Только сейчас я взглянула на ситуацию со стороны и поняла, что Дима прав.

— Но ведь ты вел себя так гадко! — Я начала по-идиотски шмыгать носом и утирать слёзы рукавом олимпийки.

Ну вот реально, со стороны дура дурой.

Я б на месте Димы уже развернулась и ушла знакомиться с сыном. Но он оказался крепким орешком, продолжая выслушивать мои словесные потоки. А я… Я так устала тащить все на себе за этот год, да и не восстановившийся после родов гормональный фон давал о себе знать, превращая меня в плаксу и не давая слезам остановиться. По крайне мере так я себя убеждала.

— Ты постоянно меня обижал, говорил гадости и делал больно!

— Вот знаешь, все то же самое, слово в слово, я могу сказать и про тебя. Ты меня измучила совсем!

— Да ладно!

— Да, все, чего я от тебя хотел, это признание, что ты любишь меня. Один небольшой шаг на встречу, и все.

Я недоверчиво прищурилась.

— И все?

— Ну, не все… Ладно, возможно я бы не сразу поверил, но со временем…

— Ага, когда довел меня своими сомнениями и проверками до белого каления, тогда бы ты поверил!

— Какая разница. Мы все равно никогда об этом не узнаем.

— Да уж, у нас никогда не бывает просто…

Дима коснулся пальцами моего подбородка, заставляя посмотреть в глаза, и, вдруг посерьезнев, произнес:

— Юль, я очень рад, что ты сохранила ребёнка. Вернее, сначала я хотел свернуть тебе шею за то, что ты скрыла от меня этот факт. Но потом понял — своим поведением сам отрезал тебе пути к отступлению, да ещё и зная твой характер…

— То есть мою шею ты оставляешь целой?

— Пока да.

— И на том спасибо. А как ты узнал о сыне?

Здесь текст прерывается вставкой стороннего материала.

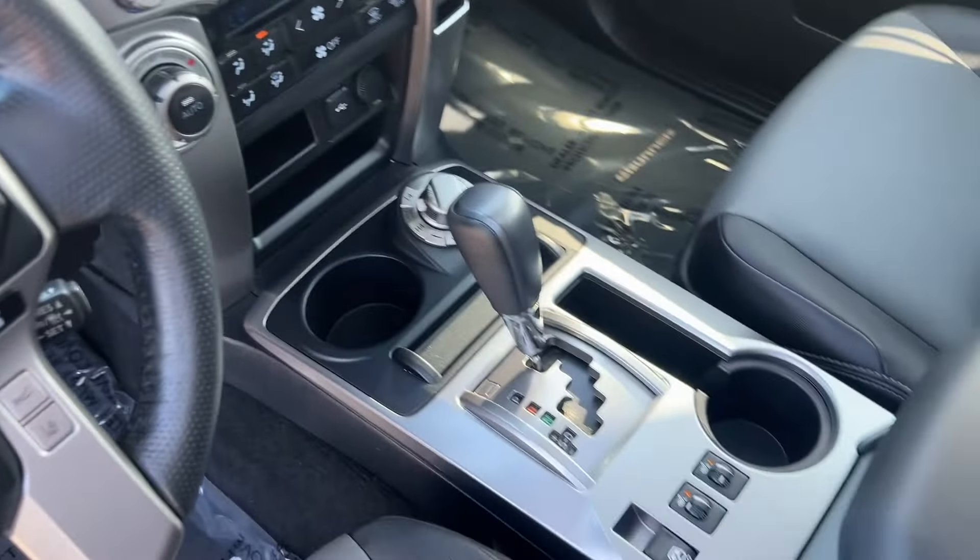Toyota certified vehicles go through a rigorous 160-point inspection for your peace of mind.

— Лера. Она же рассказала почему ты уехала. Я, признаться, был очень удивлён её вариантом событий, особенно тем, какой я урод.

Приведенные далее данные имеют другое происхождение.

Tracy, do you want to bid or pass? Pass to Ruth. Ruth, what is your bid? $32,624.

Я кивнула, только сейчас поняв смысл фразы, брошенной подругой в недавнем разговоре: «Расскажи уже все Диме! Хватит плодить безотцовщину, пусть и за границей». Видимо, подруга решила напрямую вмешаться в судьбу своего новоиспеченного крестника.

— Я правда собиралась…

Бормочу смущенно, отводя глаза, понимая, что эта фраза звучит не настолько правдоподобно, как бы мне хотелось.

— Ага, собиралась она… Эх, упрямая, гордая… И за что только люблю?..

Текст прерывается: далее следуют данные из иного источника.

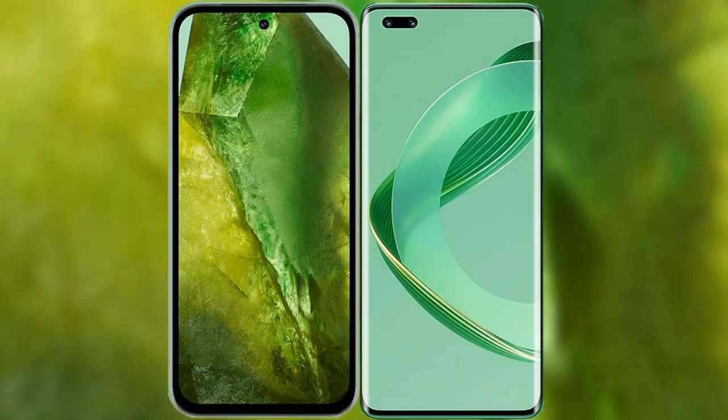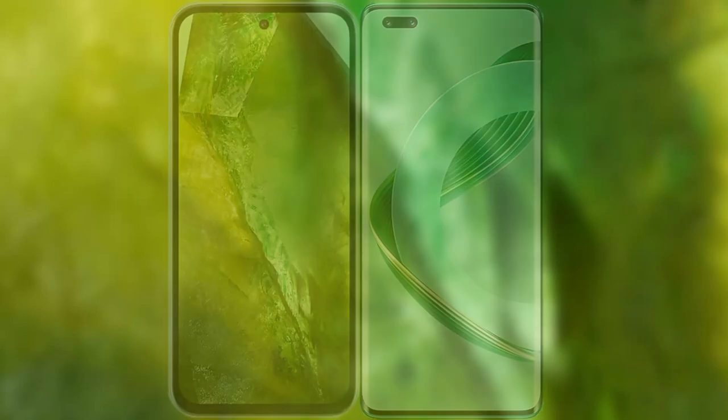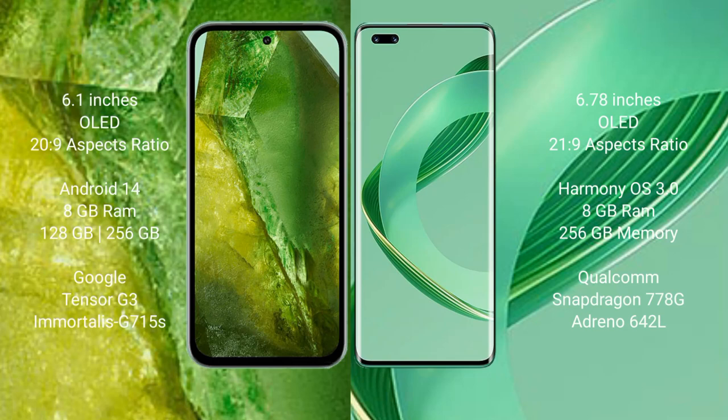I will compare the new Google Pixel 8a with the Huawei Nova 11 Pro. The Google Pixel 8a comes with a 6.1-inch OLED display and an aspect ratio of 20:9. The Huawei Nova 11 Pro comes with a 6.78-inch OLED display and an aspect ratio of 21:9.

— За это и любишь… Наверное.

Огрызаюсь в ответ, но, не сдержавшись, все же расплываюсь в идиотской улыбке. Дима вытирает оставшиеся слезинки с моих щек и нежно шепчет, глядя сверху вниз:

— Глупая. Подсел на тебя ещё тогда, когда впервые увидел бегущей по набережной. Сразу понял: моя, с тех пор и мучаюсь. Тебя ж хрен добьешься.

— Это да. Я сама кого хочешь добью, но ты тоже тот ещё фрукт оказался.

— Мы оба хороши, — примирительно заключает Дима, сжимая меняв объятиях.

— Как сына — то зовут?

— А Лерка не сказала?

— Нет, а у меня времени не было выяснять, прилетел первым же рейсом.